### TASK ITEM
After locating the line that contains "ARAP BAHARI, LIBYA KIŞI - VIJAY PRASHAD", transcribe exactly that line and each one after it until the data ends, skipping pictures.

### GIVEN MATERIAL
========

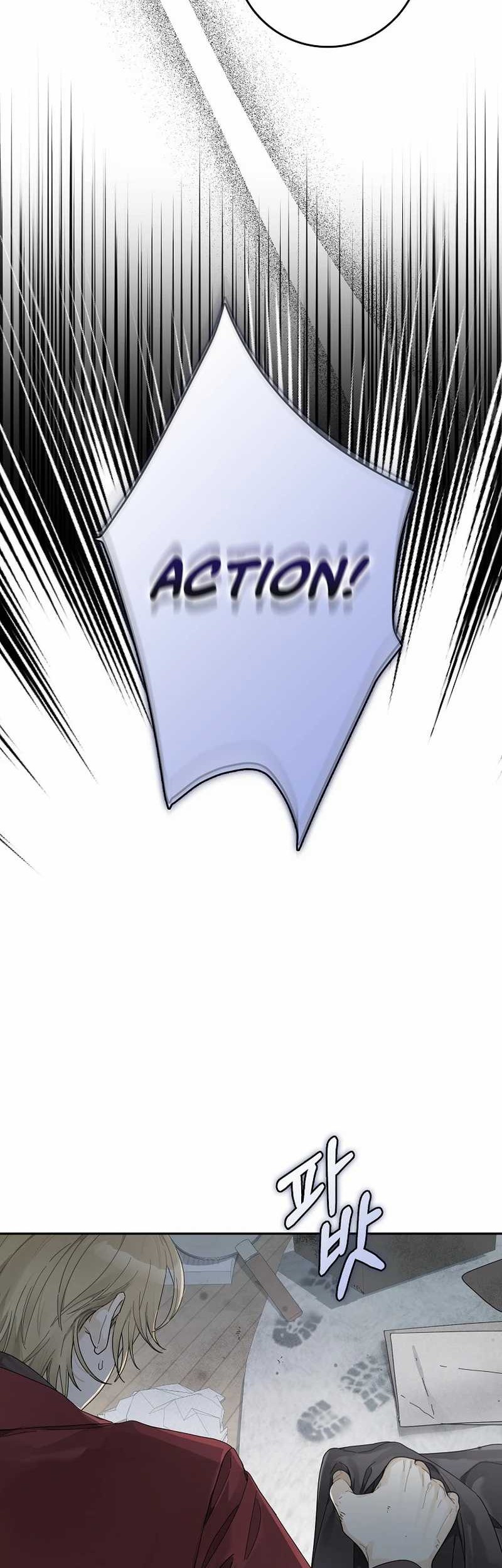 Rookie but One-in-a-Million Actor Chapter 44 - halaman 33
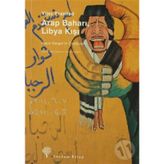ARAP BAHARI, LIBYA KIŞI - VIJAY PRASHAD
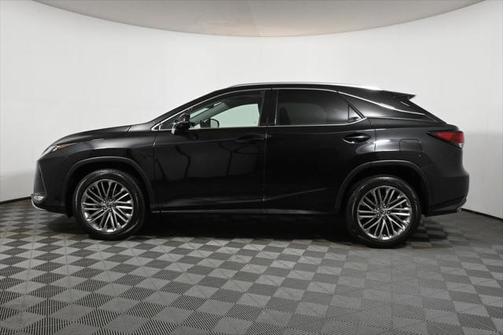 2021 Lexus RX 350 Base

========

### EXERCISE SOLUTION
ARAP BAHARI, LIBYA KIŞI - VIJAY PRASHAD
 2021 Lexus RX 350 Base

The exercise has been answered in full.